Brief
From the records below, copy out exactly the lines from the one containing "Тишковец опроверг приход" to the one containing "Brachydesmus superus", both included. Add nothing else.

Input
= = = = = = =

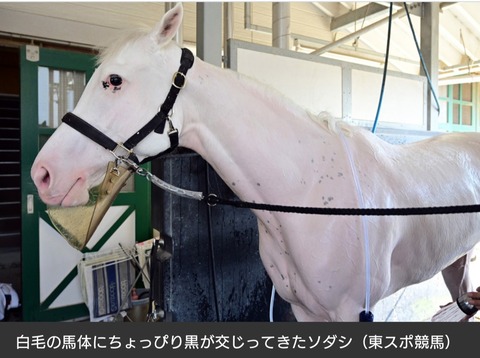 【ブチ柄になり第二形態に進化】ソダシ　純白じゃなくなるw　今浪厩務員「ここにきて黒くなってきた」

= = = = = = =

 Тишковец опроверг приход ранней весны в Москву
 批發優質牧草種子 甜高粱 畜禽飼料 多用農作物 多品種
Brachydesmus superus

= = = = = = =

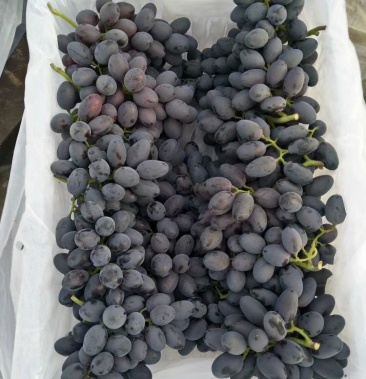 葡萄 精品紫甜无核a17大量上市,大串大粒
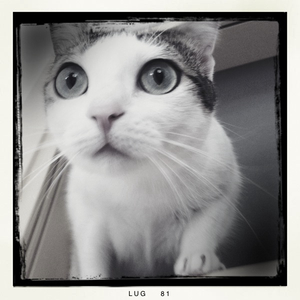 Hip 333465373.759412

= = = = = = =

Your solution
 Тишковец опроверг приход ранней весны в Москву
 批發優質牧草種子 甜高粱 畜禽飼料 多用農作物 多品種
Brachydesmus superus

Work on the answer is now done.